Raw data —
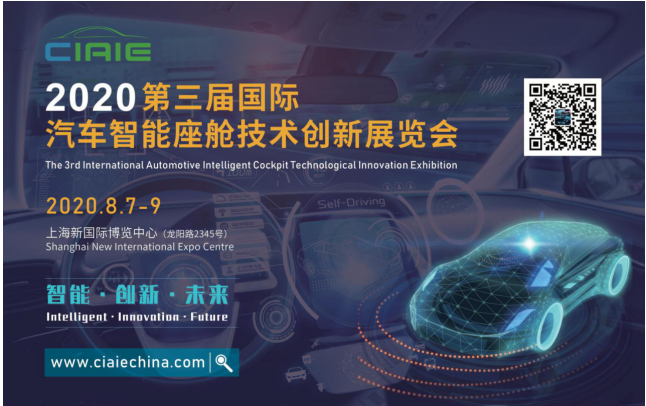 2020第三届上海国际汽车智能座舱技术创新展览会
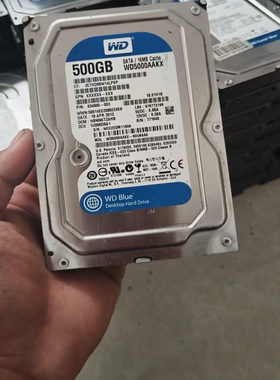 拆机西数希捷东芝台式机电脑500G3.5寸机型硬盘SAT串口监控游戏盘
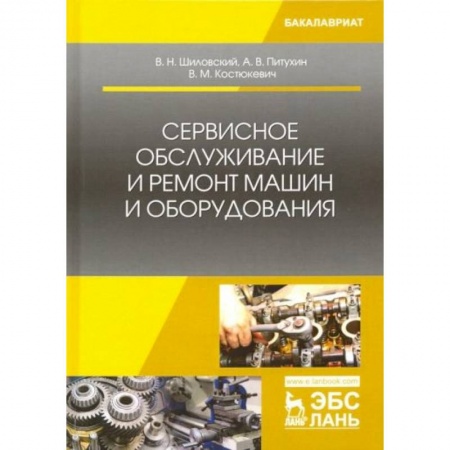 Технические науки. Транспорт, книга Сервисное обслуживание и ремонт машин и оборудования. Учебное пособие купить по скидке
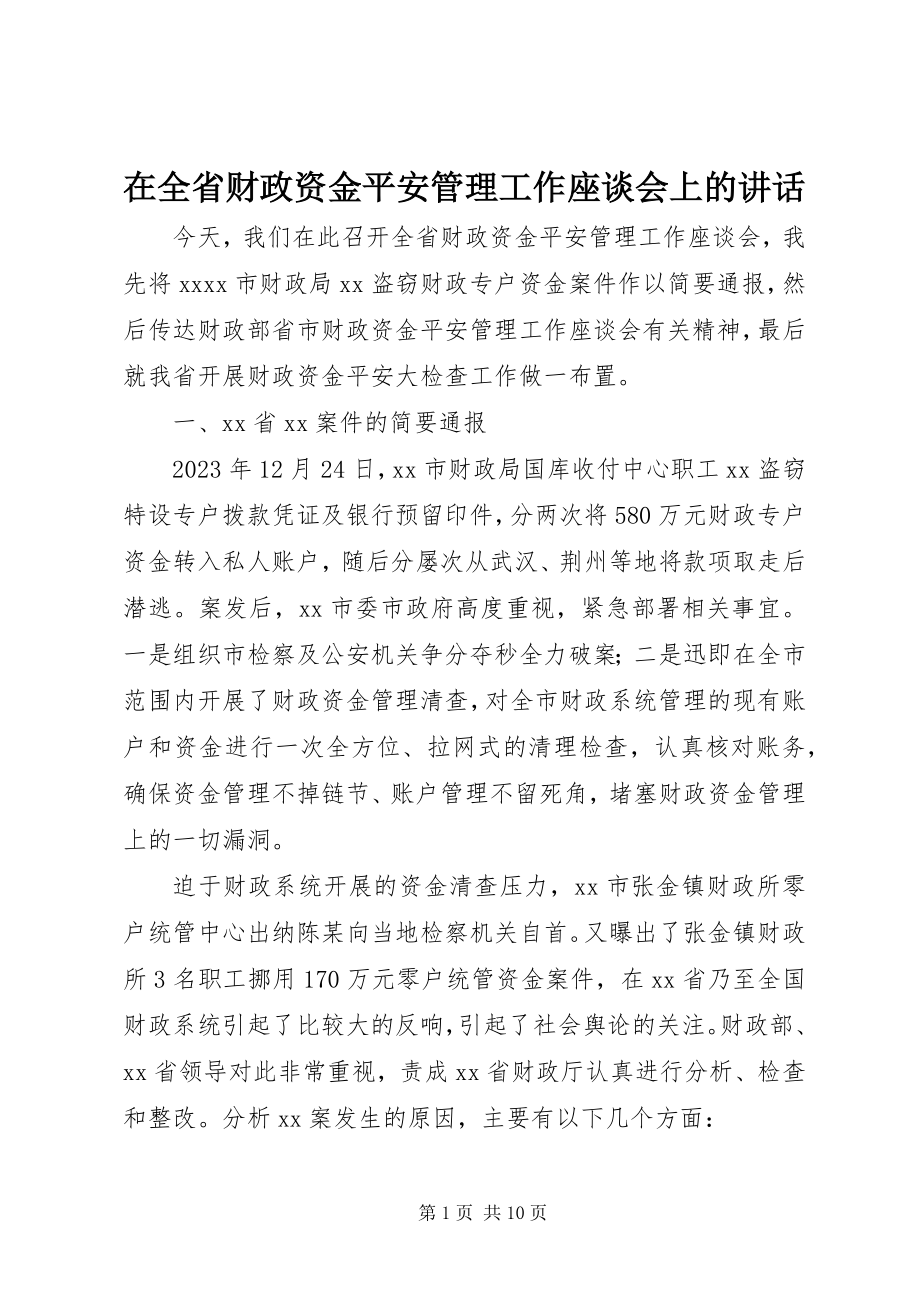 2023年在全省财政资金安全管理工作座谈会上的致辞.docx_第1页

Required work —
Could you output the entire listing verbatim while omitting its pictures?

Completed task —
 2020第三届上海国际汽车智能座舱技术创新展览会
 拆机西数希捷东芝台式机电脑500G3.5寸机型硬盘SAT串口监控游戏盘
 Технические науки. Транспорт, книга Сервисное обслуживание и ремонт машин и оборудования. Учебное пособие купить по скидке
 2023年在全省财政资金安全管理工作座谈会上的致辞.docx_第1页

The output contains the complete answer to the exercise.